The current focus on measures to contain COVID-19 transmission around the world may distract attention from emerging mental health issues57,80. The closure of schools due to COVID-19 and the lockdown could lead to an increase in mental disorders in children, especially among vulnerable populations. Efforts must be made to address the pandemic situation while considering children's mental health and to adapt the delivery of care to meet the demands of COVID-1971. Our findings have important clinical and policy implications. In this global public health emergency, identifying vulnerable groups of children and environmental risk factors of children's mental health is a critical step in developing and adapting mental health services and tools81. Health authorities and governments should implement services that improve the mental health of the population, particularly that of vulnerable children. Emerging digital applications such as telehealth, social media, and mobile health could serve to promote children's mental health82.

Conclusion

This study conducted in France explored several risk factors of hyperactivity/inattention and emotional symptoms in children during the school closure due to the COVID-19 pandemic.
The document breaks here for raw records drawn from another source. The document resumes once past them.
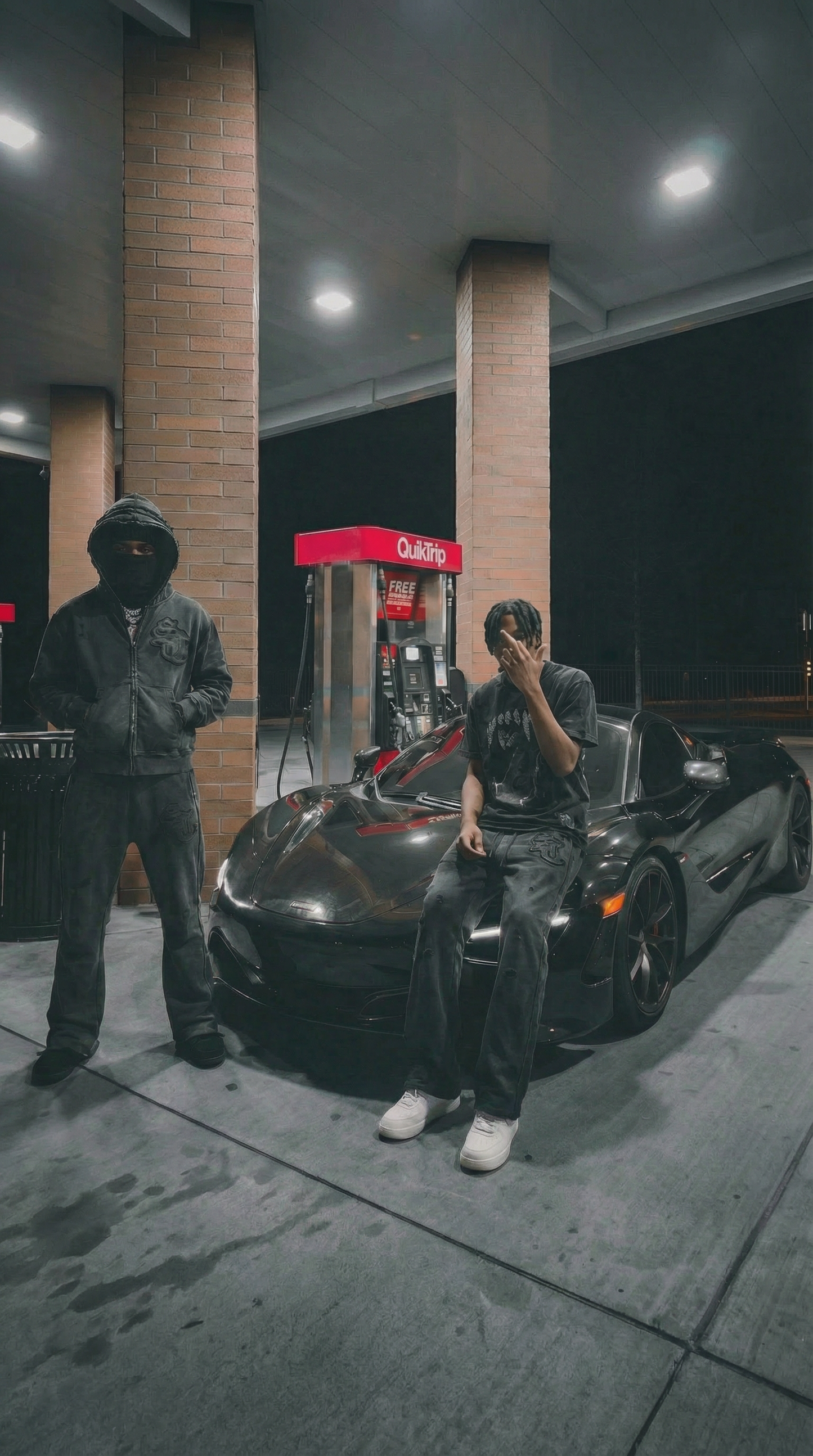 EXTREME DISTRESSED KAIA TOP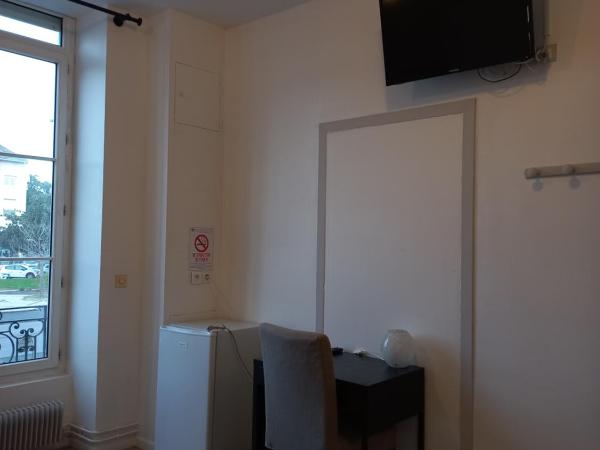 Hôtel Labat : photo 3 de la chambre chambre double avec salle de bains privative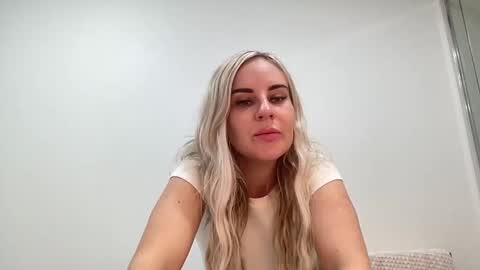 Leanna online show from January 2025 03:31:01 AM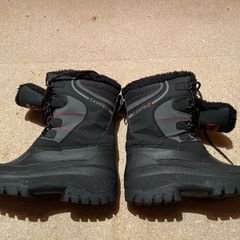 Snow boots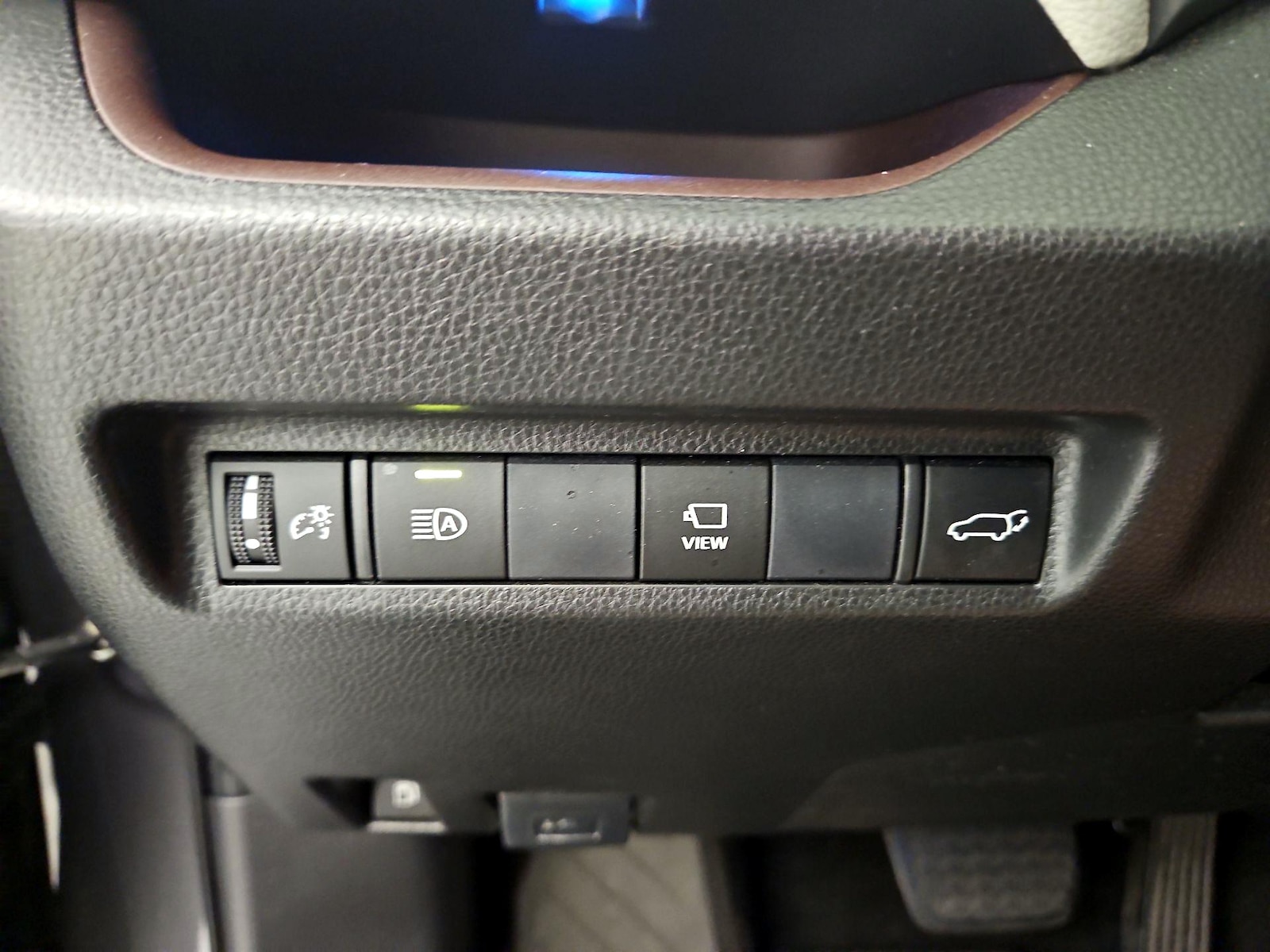 2019 Toyota RAV4 Limited - Photo 14
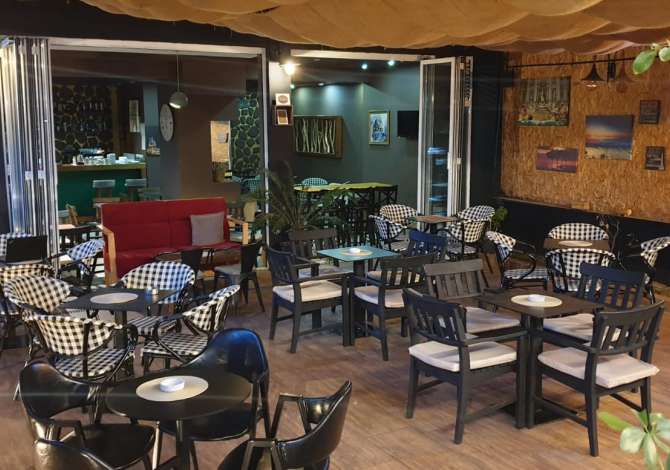 Ambient biznesi me qera 2+1 ne Tirane - 700 Euro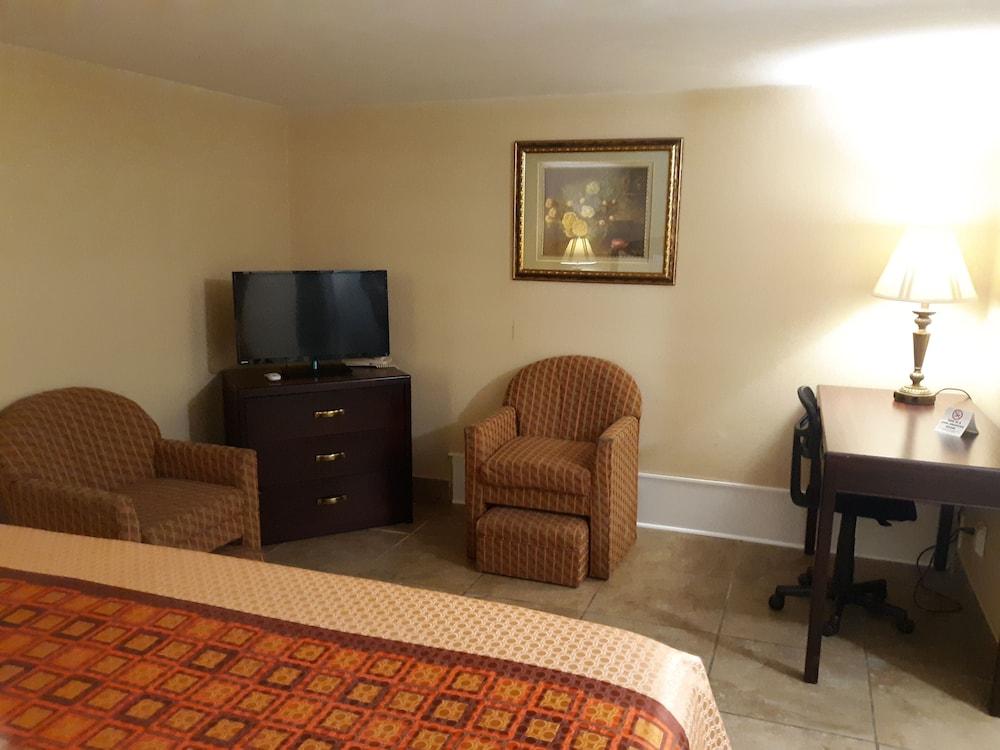 Rodeway Inn Weedsport Екстер'єр фото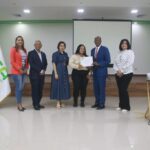 OMSA y ENEVIAL entregan certificados a conductores y cajeros tras jornada de capacitación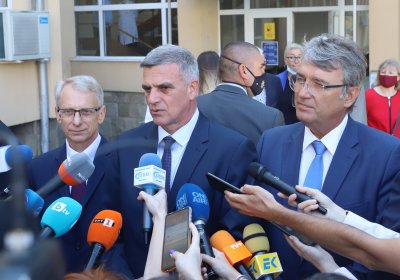Служебният премиер Стефан Янев определи като спекулативно твърдението че правителството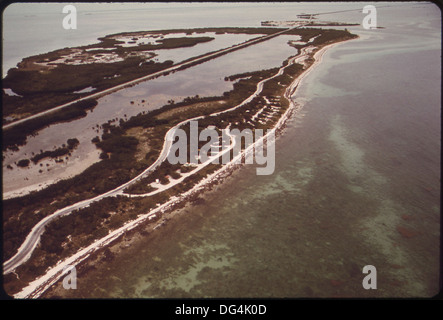 Diese Luftaufnahme zeigt den State Park auf Long Key, der sich zwischen Key Largo und Key West befindet. Das Foto zeigt einen Teil des Overseas Highway und die umliegende Landschaft. Stockfoto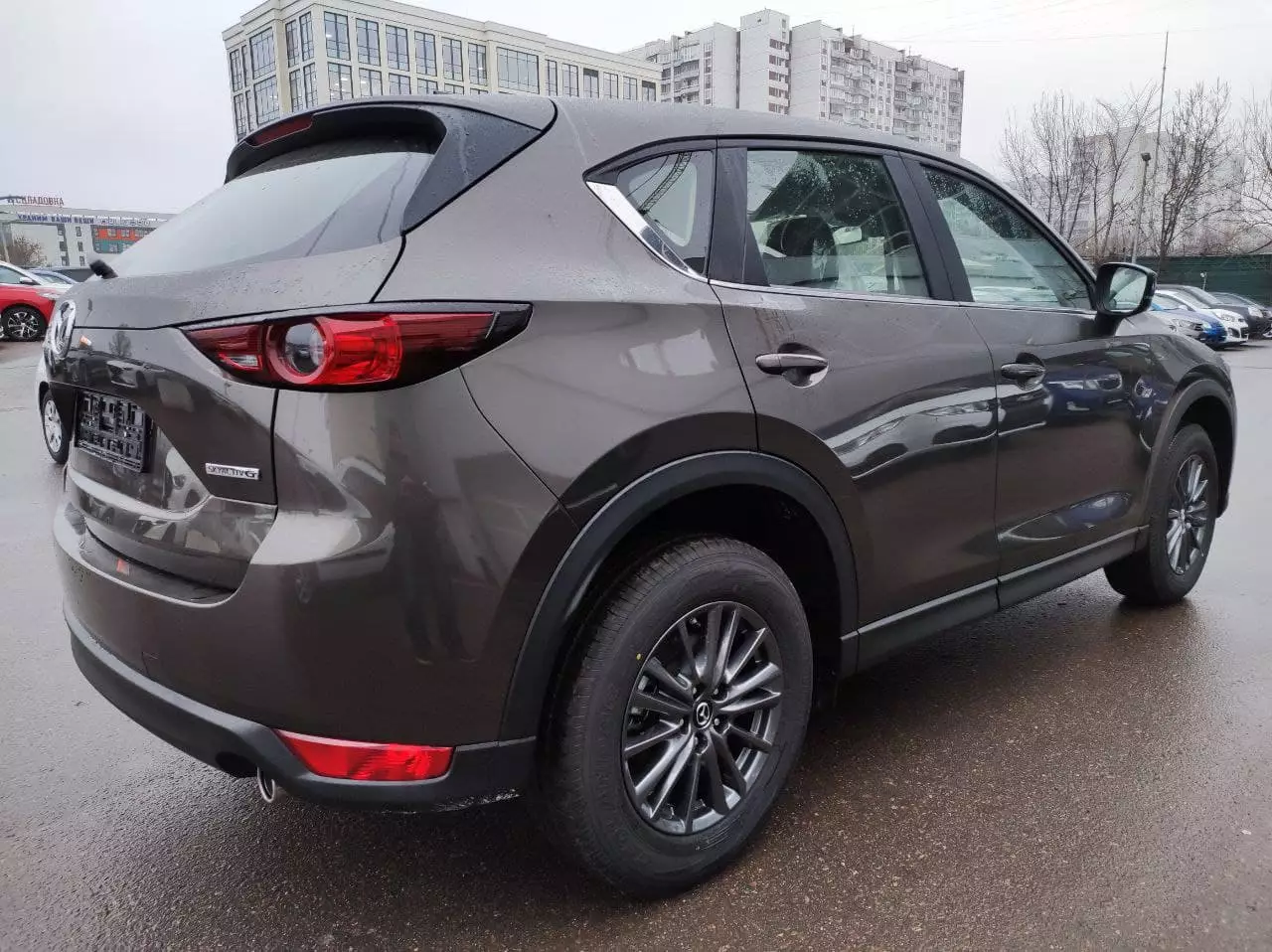 Автосалон: Mazda CX-5
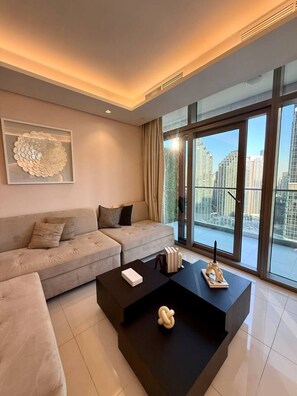 TV - Luxury 2BR |Burj View|Fully equipped|Top-Amenities (Dubai)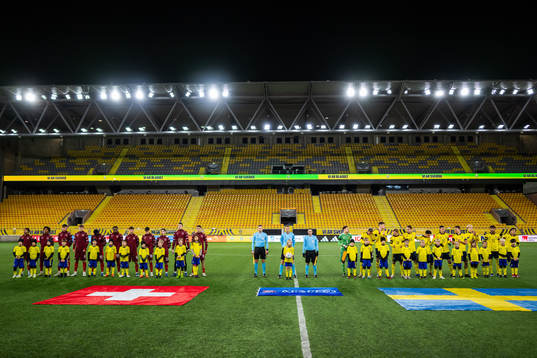 Schweiz och Sveriges spelare vid line-up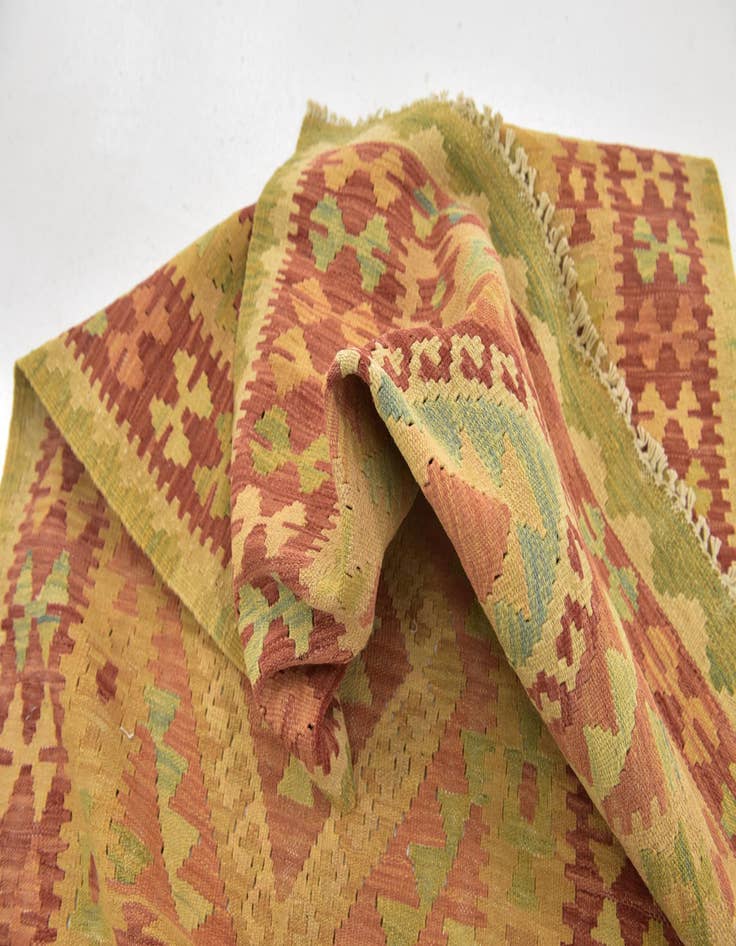 Detail image of  2' 8 x 4' 9  Hand Woven Kilim Waziri Wool Rug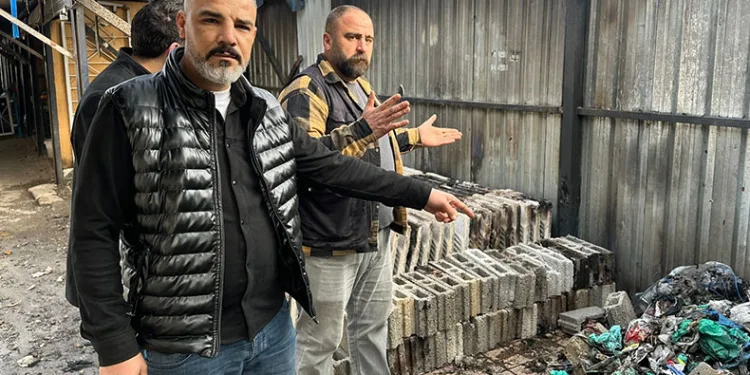 Gaziantep’te kundaklanan dükkan küle döndü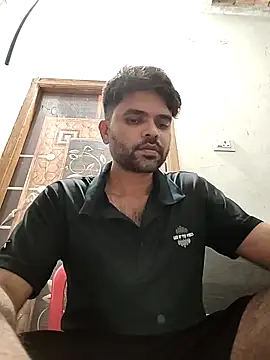 Snapshot of saddyboyforU chatting on 05.30.26 saddyboyforU online show from 05.30.26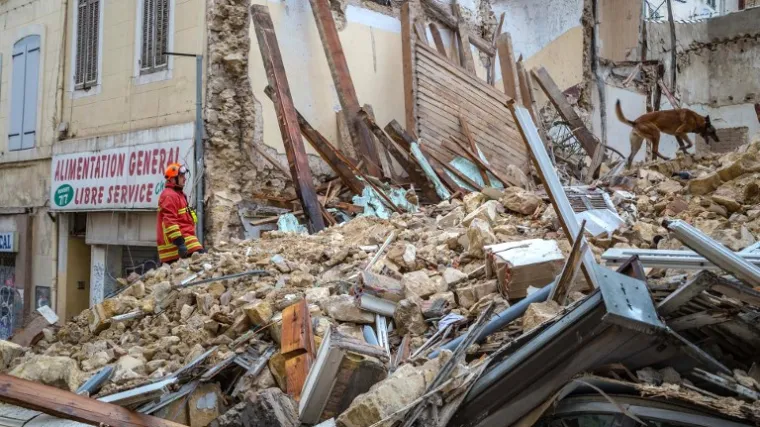 Desetero ljudi jo&scaron; uvijek pod ru&scaron;evinama nakon kolapsa dviju zgrada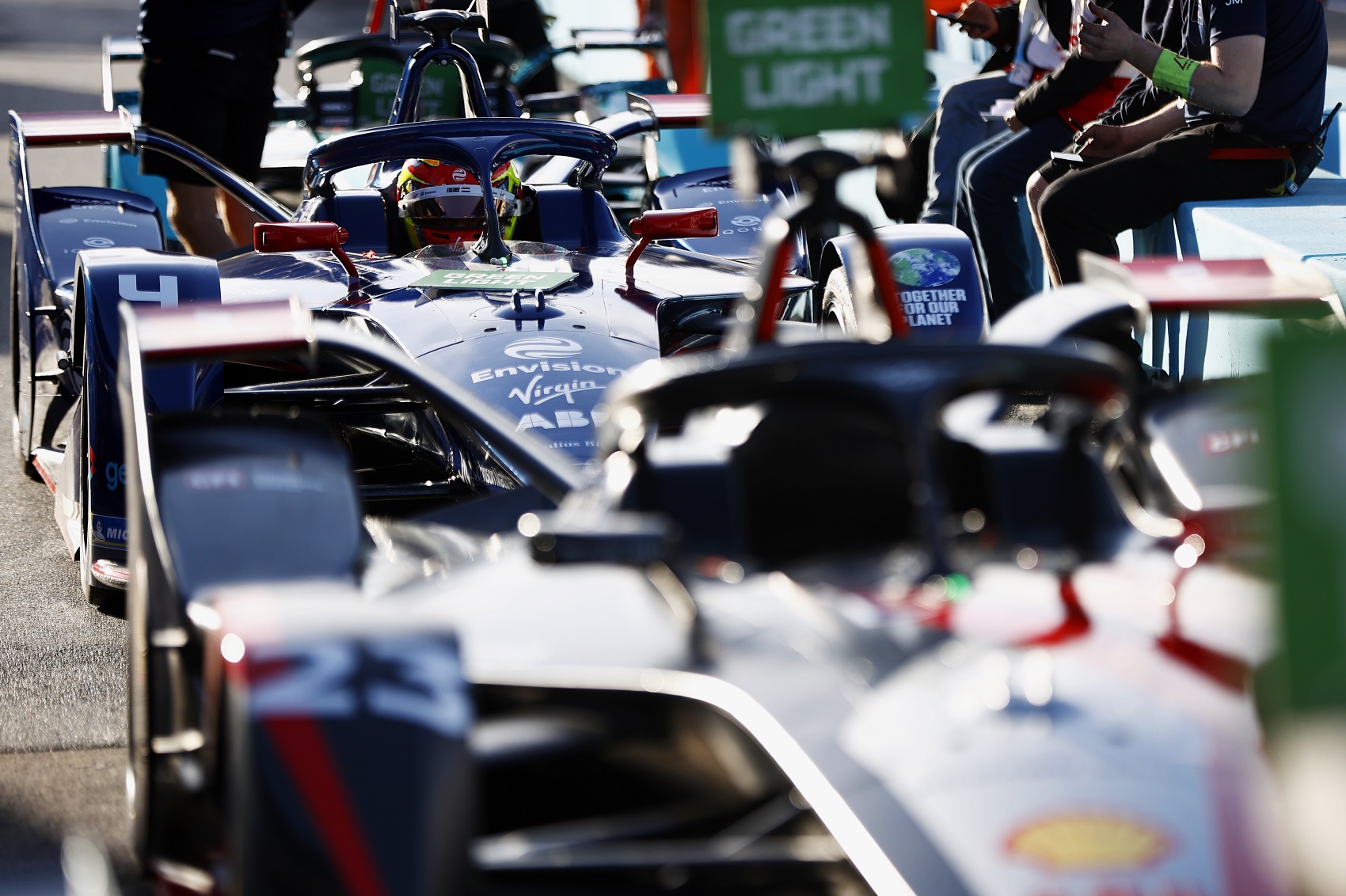 Újabb bizarr Formula E baleset történt Rómában is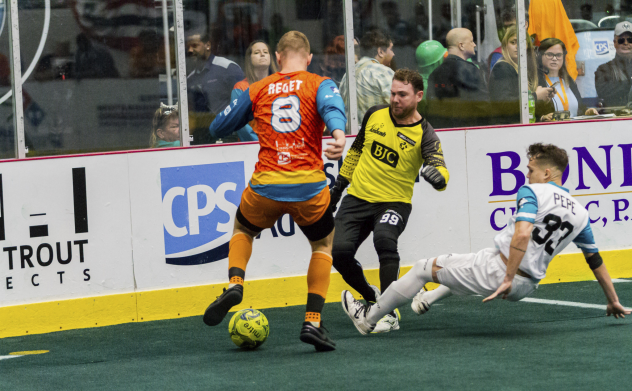 St. Louis Ambush defender Pepe Junqueira (right) and goalkeeper Jason Norsic vs. the Florida Tropics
Some factors that may increase the risk of children developing mental health problems are described: sex, pre-existing health disorders, COVID cases in the household, difficulties in sleeping and in schooling, and sociodemographic and socioeconomic disparities. Policymakers need to balance the pros and cons of reopening school, taking into consideration the educational and psychological consequences for children. Therefore, it is essential to implement appropriate protective measures to manage the unprecedented repercussions of school closure on children's mental health while avoiding an increase in socio-economic inequalities.